◆ TO DO ◆
The pictures get left out, but everything else in the listing below must be duplicated exactly.

◆ GIVEN MATERIAL ◆
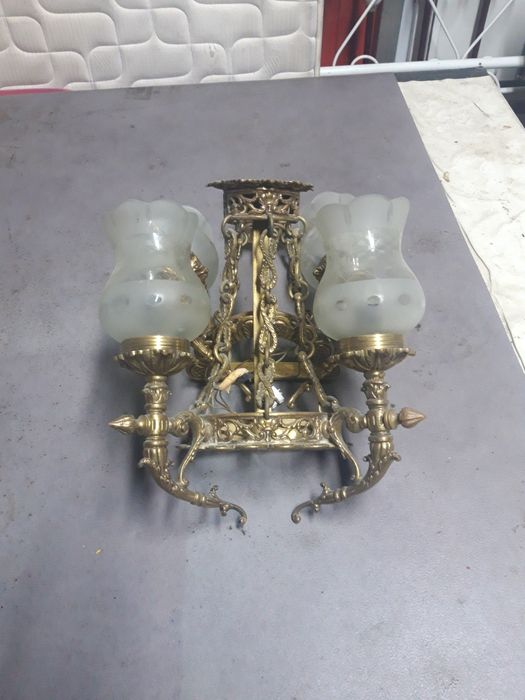 Aplikes antigos de parede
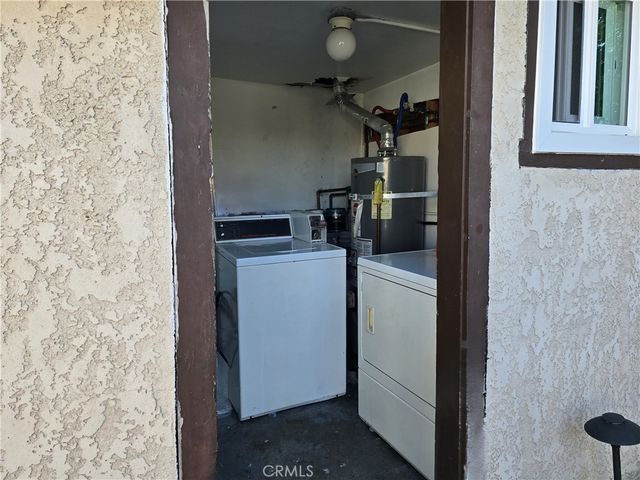 1830 Stanley Avenue, Signal Hill, CA 90755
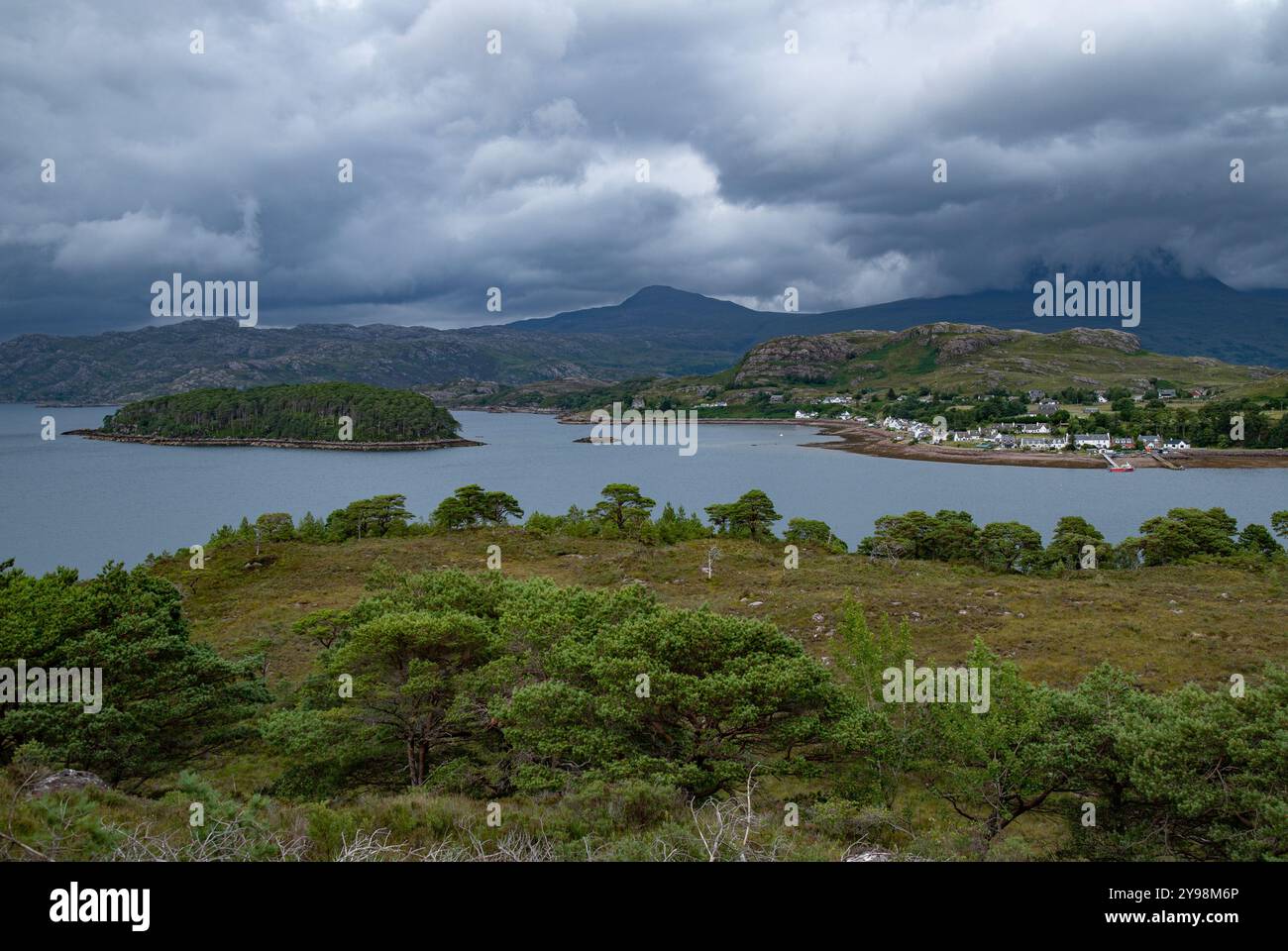 Vue de Shieldaig, Highlands écossais, Wester Ross, Écosse, Royaume-Uni Banque D'Images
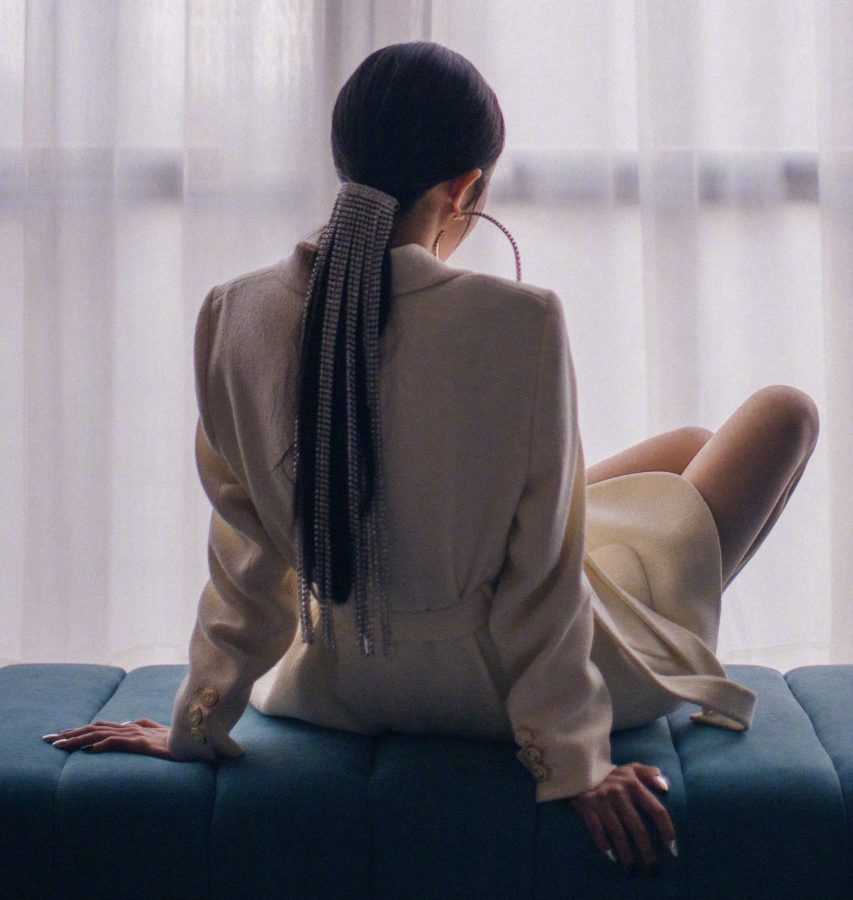 气质御姐杨幂光滑美腿干练纯美写真(3/8)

◆ RESPONSE BOX ◆
 Aplikes antigos de parede
 1830 Stanley Avenue, Signal Hill, CA 90755
 Vue de Shieldaig, Highlands écossais, Wester Ross, Écosse, Royaume-Uni Banque D'Images
 气质御姐杨幂光滑美腿干练纯美写真(3/8)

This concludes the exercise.